Task prompt – Leave out all images and set down the records exactly as given.
==================================================
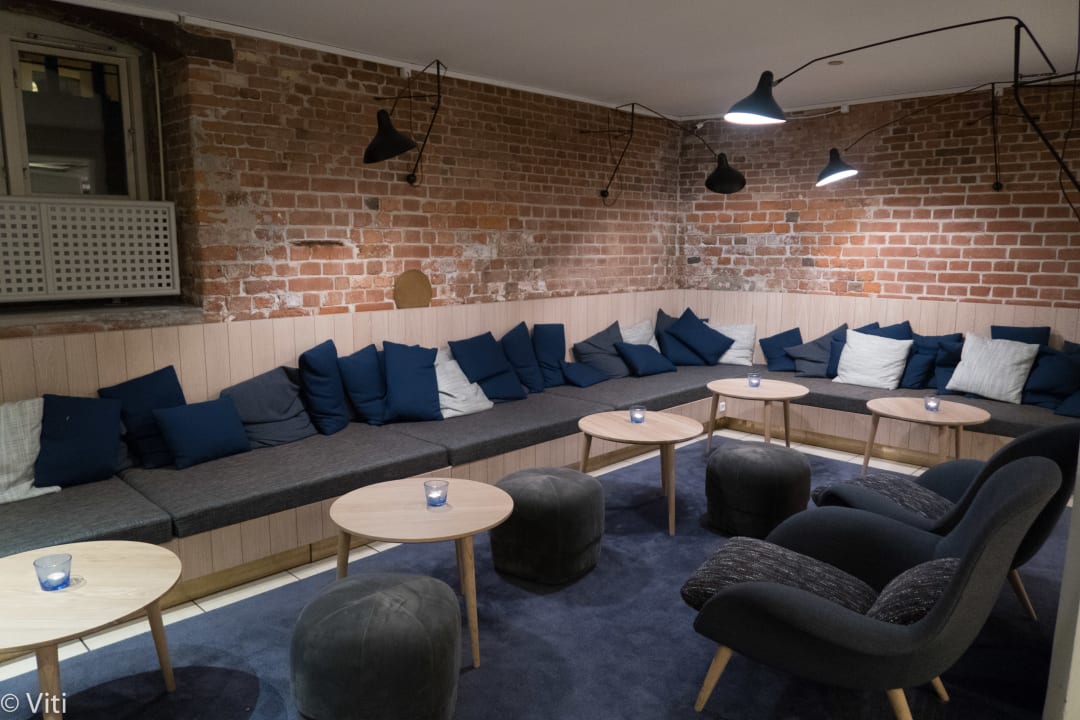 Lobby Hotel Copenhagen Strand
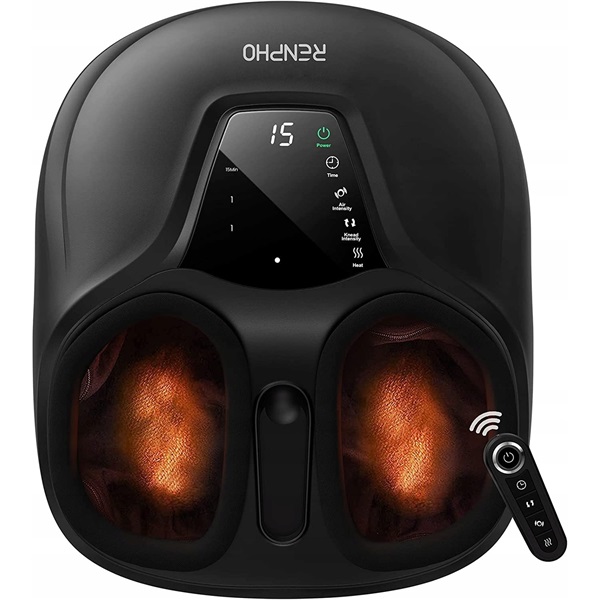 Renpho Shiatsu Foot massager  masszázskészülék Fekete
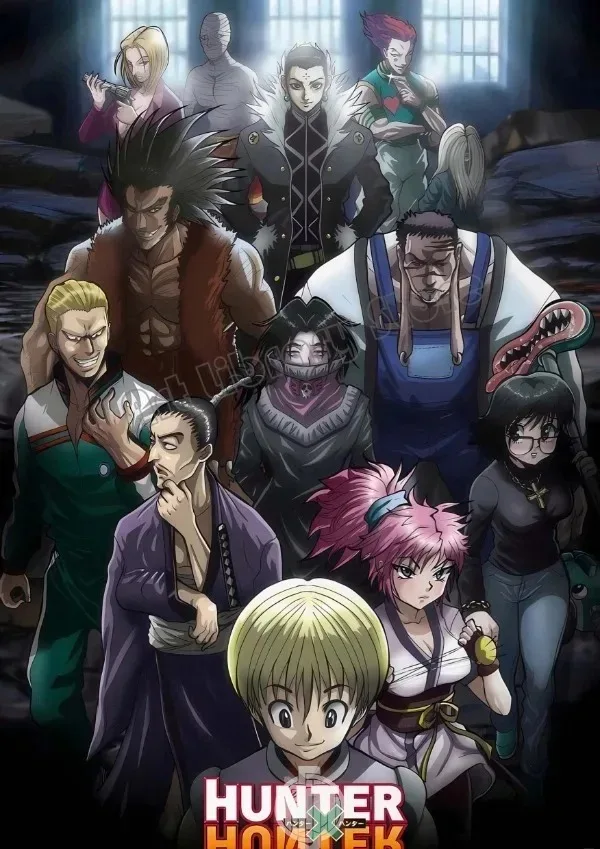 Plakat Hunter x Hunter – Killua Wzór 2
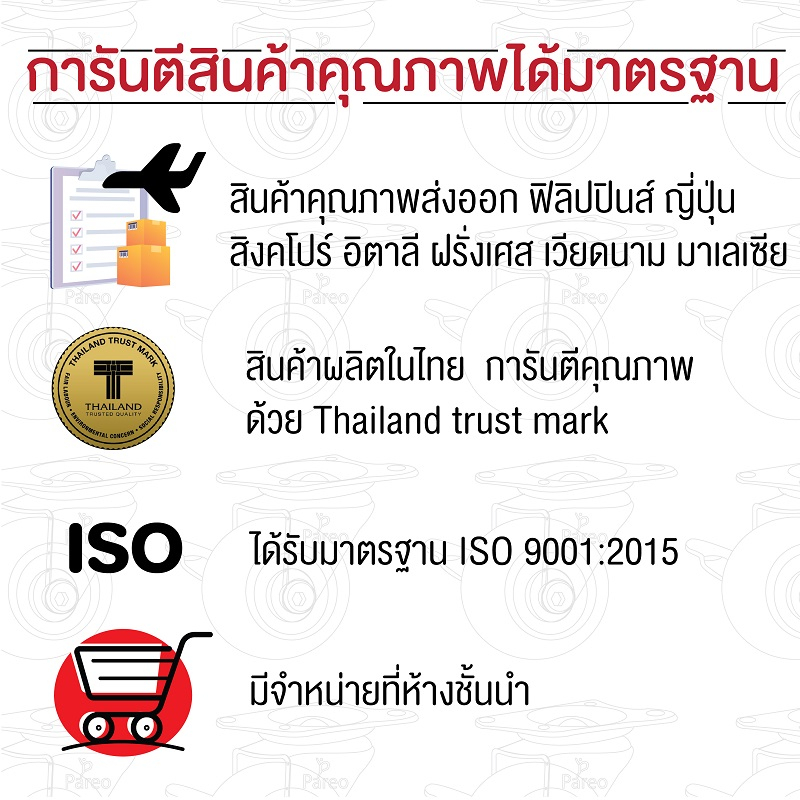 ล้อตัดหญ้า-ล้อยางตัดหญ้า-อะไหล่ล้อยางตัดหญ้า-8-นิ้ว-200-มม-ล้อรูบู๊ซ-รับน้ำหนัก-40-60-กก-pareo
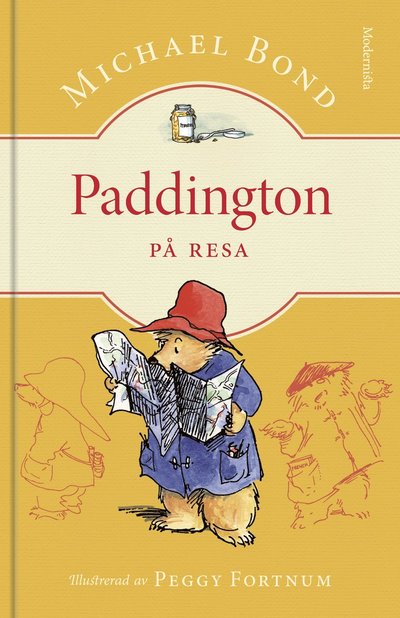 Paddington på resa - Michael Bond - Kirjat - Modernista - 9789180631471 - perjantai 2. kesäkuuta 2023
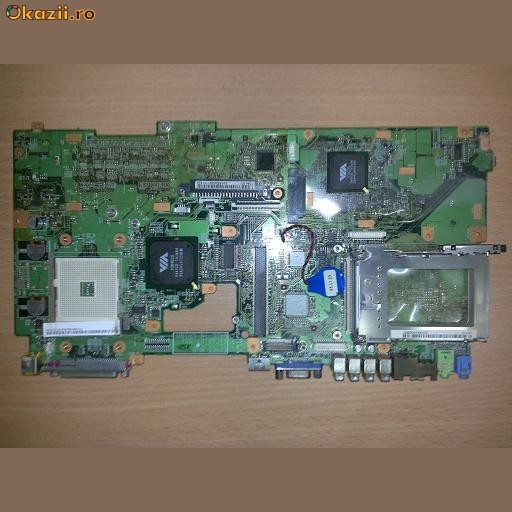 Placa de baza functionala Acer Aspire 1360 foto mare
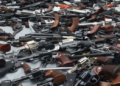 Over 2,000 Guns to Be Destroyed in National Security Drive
==================================================
Response area –
 Lobby Hotel Copenhagen Strand
 Renpho Shiatsu Foot massager  masszázskészülék Fekete
 Plakat Hunter x Hunter – Killua Wzór 2
 ล้อตัดหญ้า-ล้อยางตัดหญ้า-อะไหล่ล้อยางตัดหญ้า-8-นิ้ว-200-มม-ล้อรูบู๊ซ-รับน้ำหนัก-40-60-กก-pareo
 Paddington på resa - Michael Bond - Kirjat - Modernista - 9789180631471 - perjantai 2. kesäkuuta 2023
 Placa de baza functionala Acer Aspire 1360 foto mare
 Over 2,000 Guns to Be Destroyed in National Security Drive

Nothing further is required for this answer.